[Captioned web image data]
━━━━━━━━━━━━━━━━━━━━━━━━━━━━━━

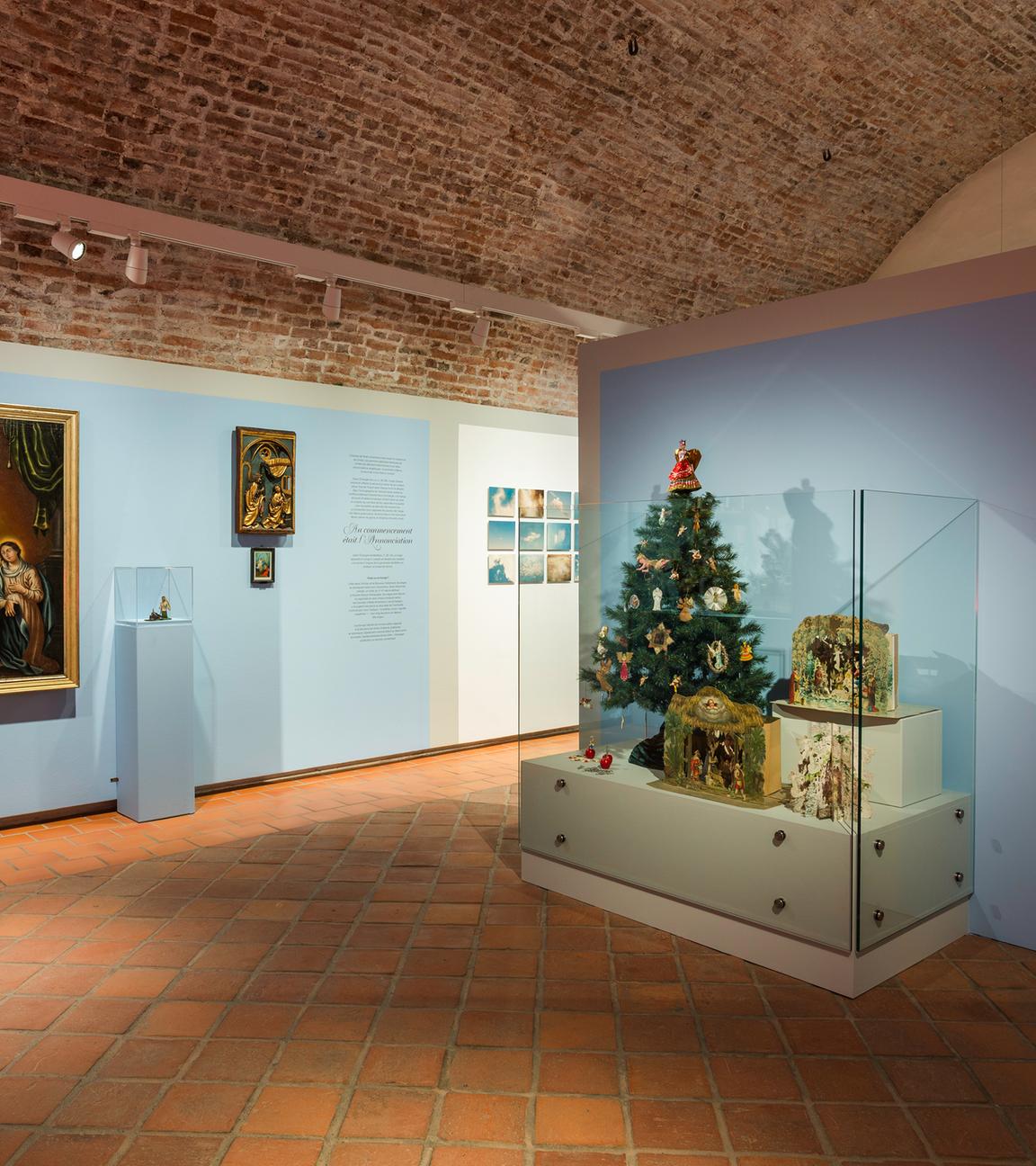 Zu sehen ist ein Raum der Ausstellung. Links an der Wand hängen mehrere Bilder, auf denen Engel zu erkennen sind. Rechts steht ein kleiner geschmückter Weihachtsbaum in einer Vitrine vor einer Wand.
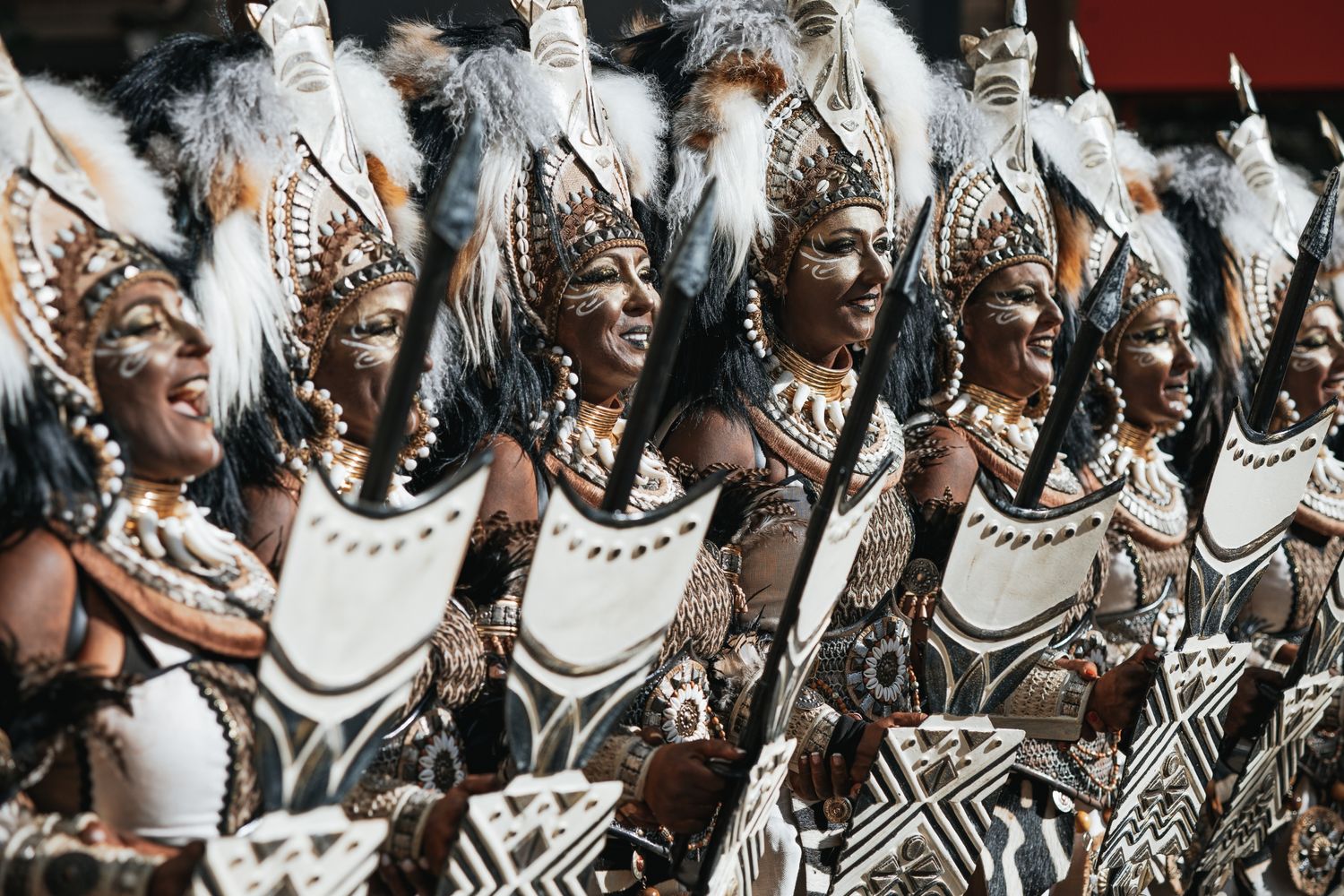 Crowd of performers in traditional African attire dancing and celebrating.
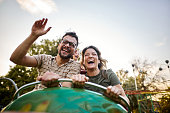 Carefree couple having fun on rollercoaster at amusement park.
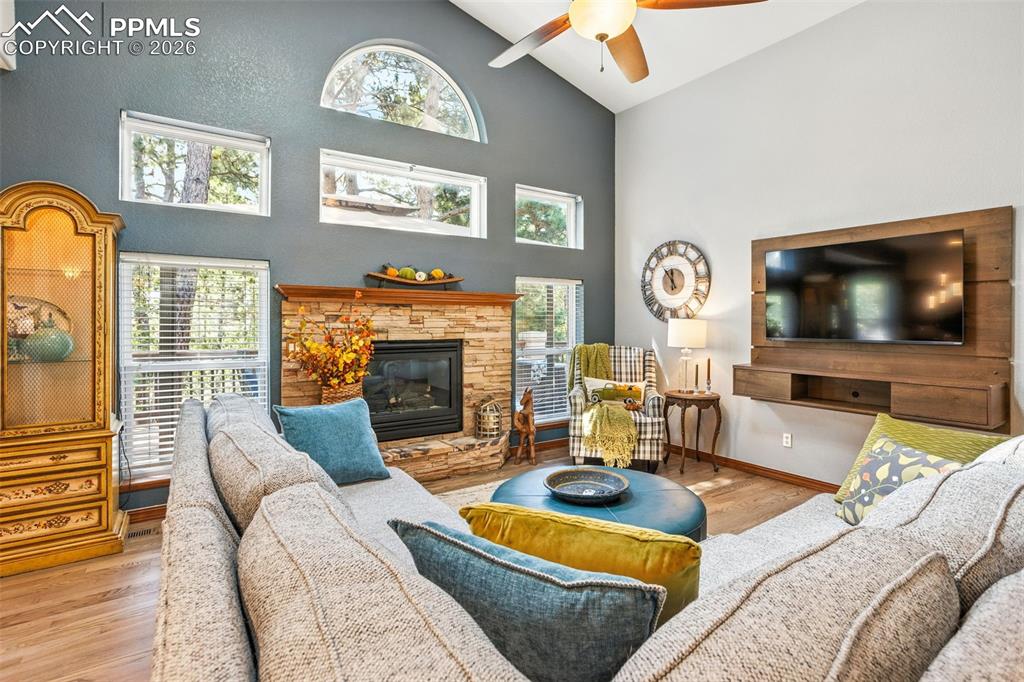 Wall of windows surround the stacked stone gas fireplace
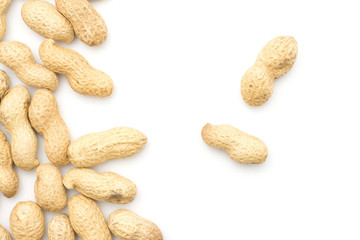 Unshelled peanuts top view isolated on white background left side two in the middle.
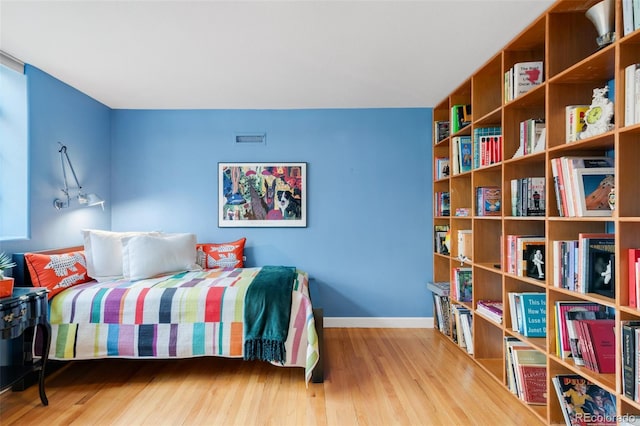 bedroom with wood finished floors, visible vents, and baseboards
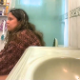 A hidden camera in a home bathroom records an unsuspecting, plump girl taking a shit while sitting on a toilet. Audible pooping sounds. Presented in 720P vertical HD format. About 2.5 minutes.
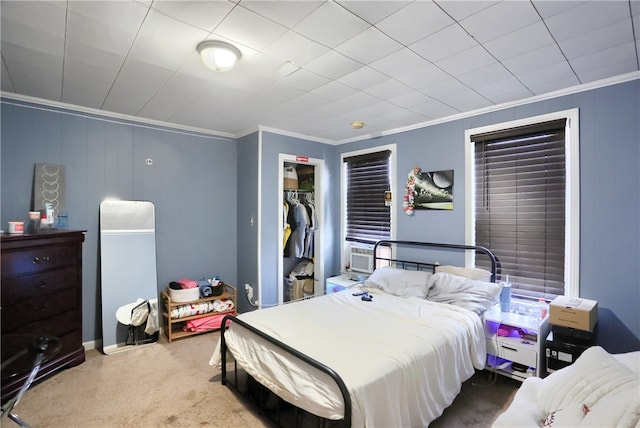 carpeted bedroom featuring cooling unit, crown molding, and a closet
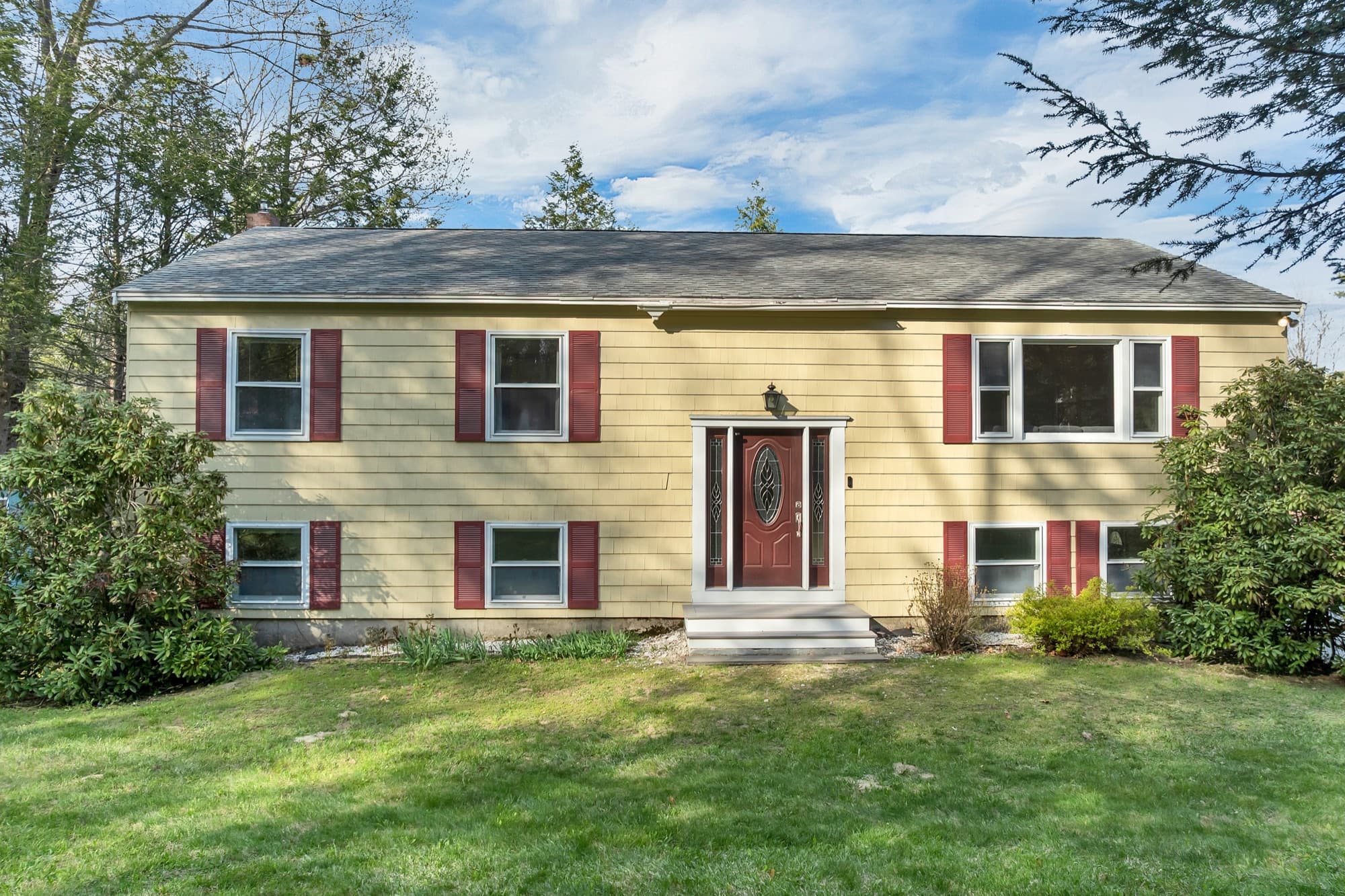 Front elevation, yellow siding with dark red shutters and a leaded-glass front door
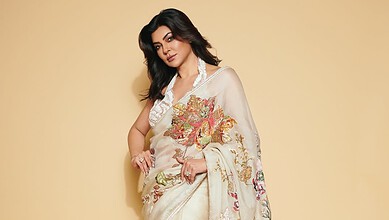A woman in a traditional embroidered saree posing against a plain background.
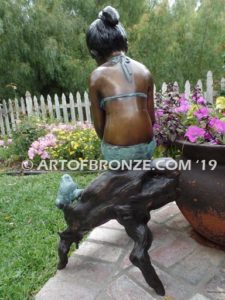 Prince Charming bronze sculpture of bullfrog and girl in bathing suit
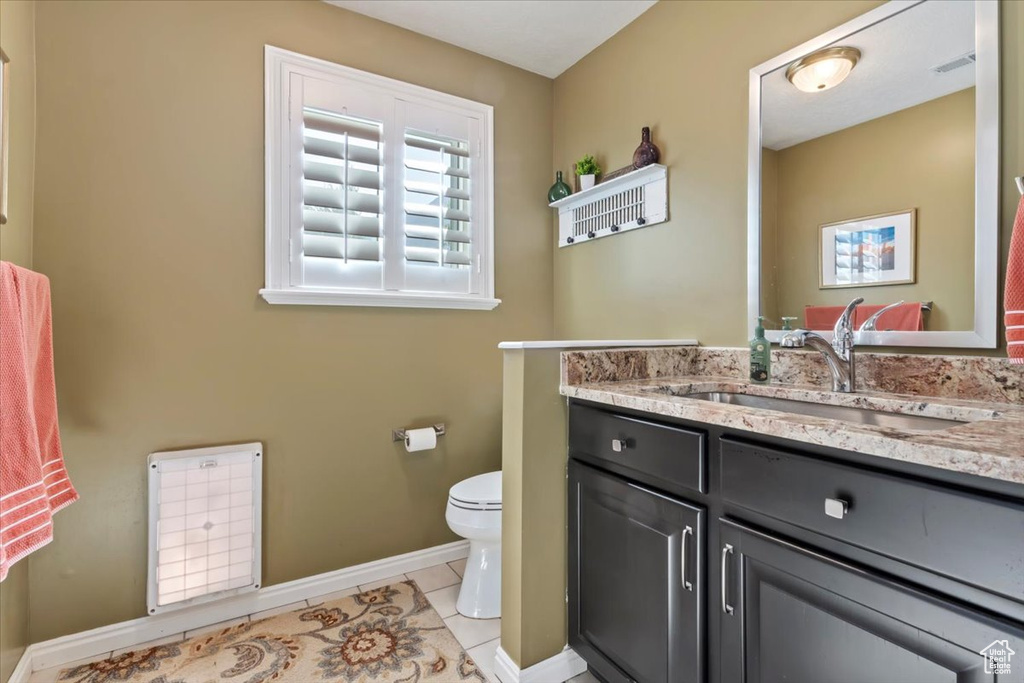 Bathroom featuring vanity and tile patterned floors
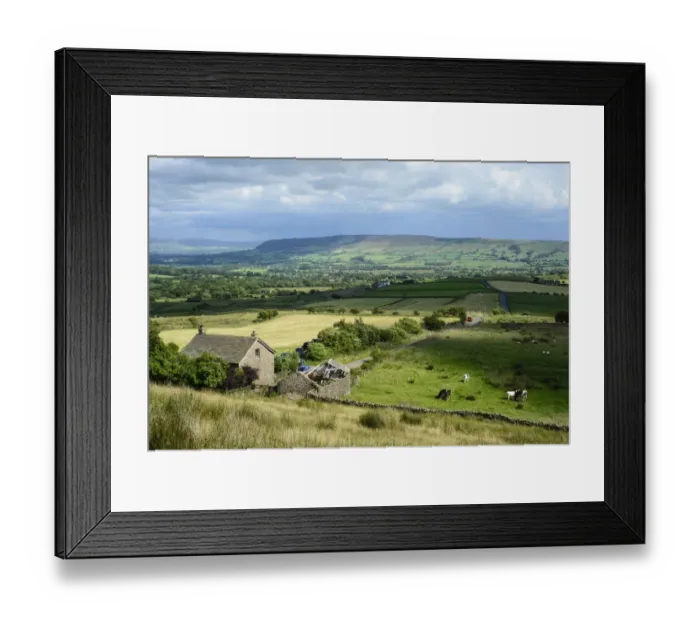 Framed Print : View across farmland with cattle grazing in pasture towards distant fells Framed Print : View across farmland with cattle grazing in pasture towards distant fells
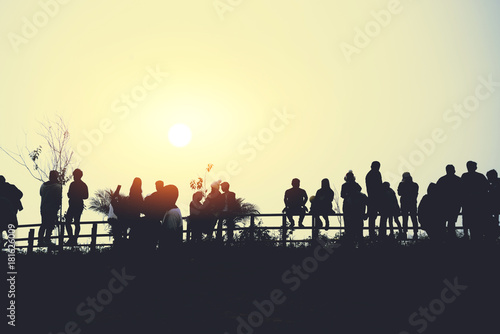 asians travel relax in the holiday.People stand looking at the sun in the morning. Stand up for sunrise on the Moutain © last19
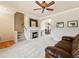 Cozy living room featuring a fireplace, plush carpeting, and seamless access to the dining area at 1344 Royal Troon Dr, Castle Rock, CO 80104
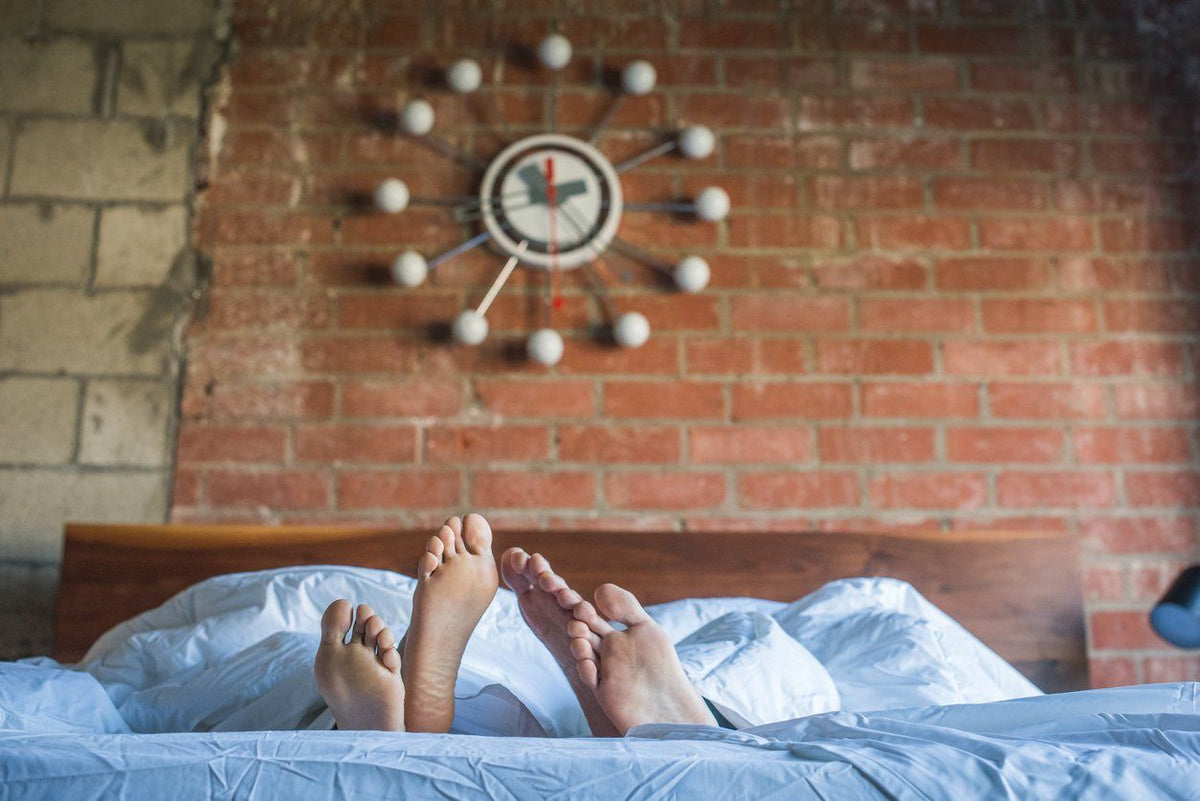 Couple's feet poking out of the perfect sleep environment
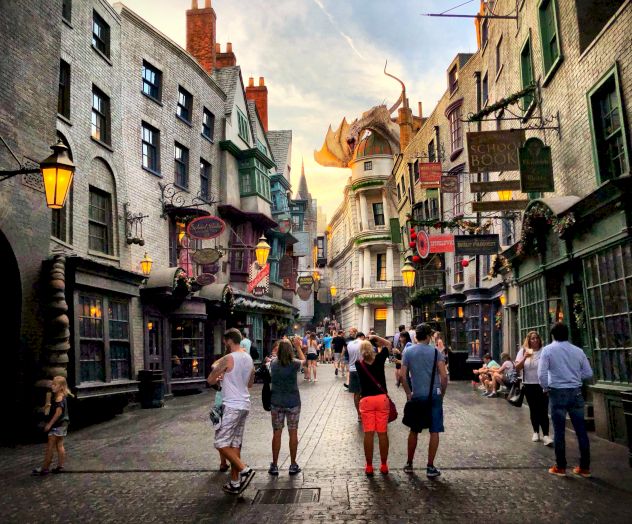 People walking through a themed street with a dragon sculpture above, among various shops and medieval-style buildings, under a partly cloudy sky.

━━━━━━━━━━━━━━━━━━━━━━━━━━━━━━

#### [GOAL OF THE EXERCISE]
Drop the pictures and reproduce the rest of the entries above exactly.

#### [RESULT FOR THIS EXERCISE]
 Zu sehen ist ein Raum der Ausstellung. Links an der Wand hängen mehrere Bilder, auf denen Engel zu erkennen sind. Rechts steht ein kleiner geschmückter Weihachtsbaum in einer Vitrine vor einer Wand.
 Crowd of performers in traditional African attire dancing and celebrating.
 Carefree couple having fun on rollercoaster at amusement park.
 Wall of windows surround the stacked stone gas fireplace
 Unshelled peanuts top view isolated on white background left side two in the middle.
 bedroom with wood finished floors, visible vents, and baseboards
 A hidden camera in a home bathroom records an unsuspecting, plump girl taking a shit while sitting on a toilet. Audible pooping sounds. Presented in 720P vertical HD format. About 2.5 minutes.
 carpeted bedroom featuring cooling unit, crown molding, and a closet
 Front elevation, yellow siding with dark red shutters and a leaded-glass front door
A woman in a traditional embroidered saree posing against a plain background.
 Prince Charming bronze sculpture of bullfrog and girl in bathing suit
 Bathroom featuring vanity and tile patterned floors
 Framed Print : View across farmland with cattle grazing in pasture towards distant fells Framed Print : View across farmland with cattle grazing in pasture towards distant fells
 asians travel relax in the holiday.People stand looking at the sun in the morning. Stand up for sunrise on the Moutain © last19
 Cozy living room featuring a fireplace, plush carpeting, and seamless access to the dining area at 1344 Royal Troon Dr, Castle Rock, CO 80104
 Couple's feet poking out of the perfect sleep environment
 People walking through a themed street with a dragon sculpture above, among various shops and medieval-style buildings, under a partly cloudy sky.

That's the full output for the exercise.